Mcgyver you are right I should not let BA threads stand in the way of a nice project. I got all excited and called Coles to place an order and to my dismay they don't have one and were unwilling to tell me where else I might check ( understadable , but sometimes a little goodwill pays off in the future). How about othe Stuart dealers in US. Tried to call Stuart but time diff put it at night in UK. Don't know why Google has such a difficult time finding dealers, guess i'm doing something wrong.


----------



## Bogstandard (Jun 24, 2008)

Mcgyver, good on you for standing up for the lowly carbon taps and dies.

As you say, if bought from a specialist supplier, they should be OK.

I bought two Presto carbon sets about 30 years ago, one BA, the other metric. Apart from the odd replacement from my breaking taps in my youth, they both are used regularly and still cut like new.

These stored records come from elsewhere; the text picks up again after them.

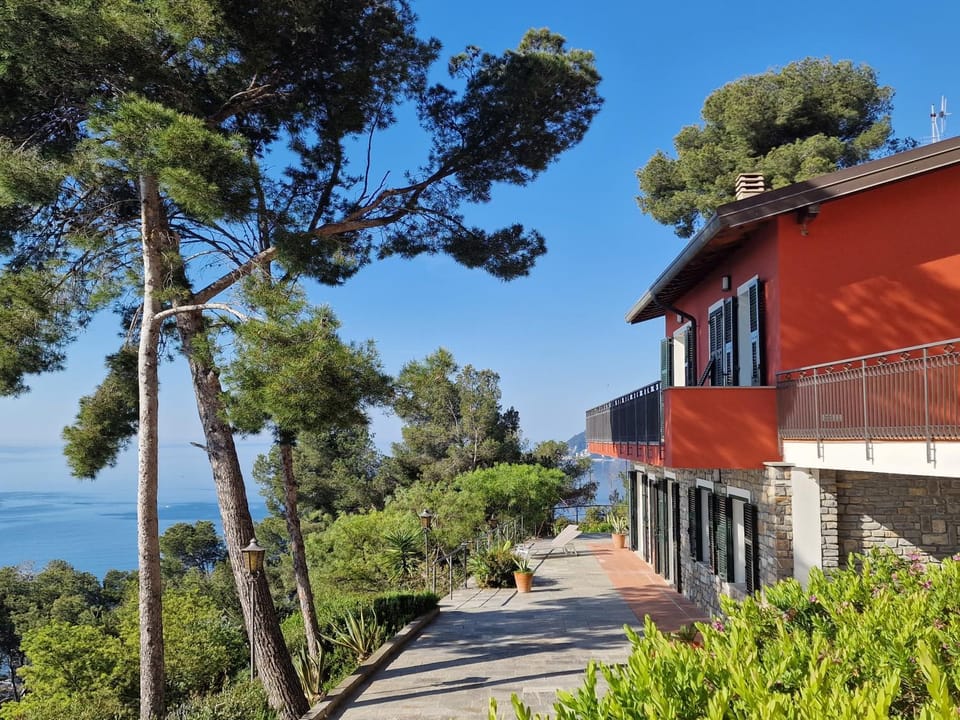 Property building, Natural landscape, Garden, Garden view, Sea view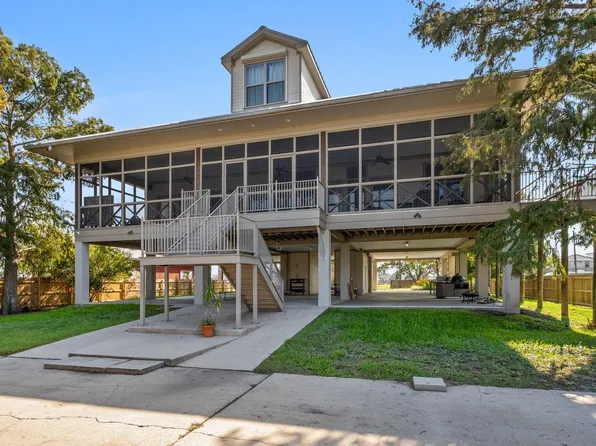 5318 Privateer Blvd, Barataria, LA 70036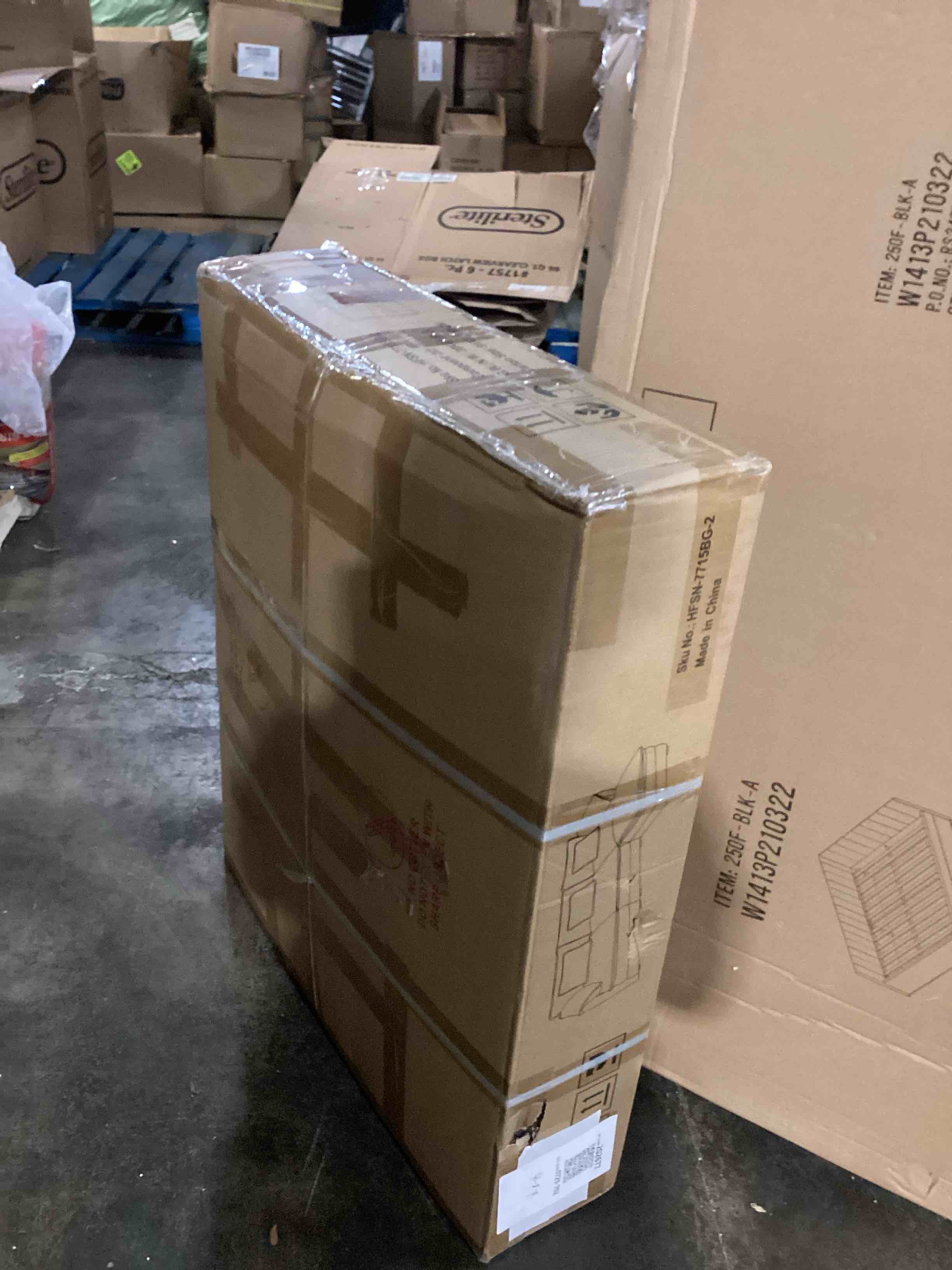 https://s3.amazonaws.com/lotting-images-prod/bidfta/GRA3677781_1759338440971.jpeg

I have also invested in a carbon sets fairly recently, Model Engineering, both standard and special, UNC and UNF, from Tracy Tools in the UK. They are just as good as HSS, in some cases even better. They do get stumped when they come to exotic materials, but for general bits and pieces that we tend to make, they are ideal, and cut spot on size. They also cost about 1/3 of HSS. A well made carbon will always knock the spots off a cheap HSS.

With regards to the start of BA. I think it was first being used in the pioneering electrical and instrument trades, especially military, then was adopted by the model engineering groups later, after WW1, as it had a very good range of small diameters. It is still used by some electrical trades, but that is now changing over to metric, as all old houses are brought up to date, and fully rewired. I think the military changed over a few years ago, after all the old aircraft were decommisioned.

John


----------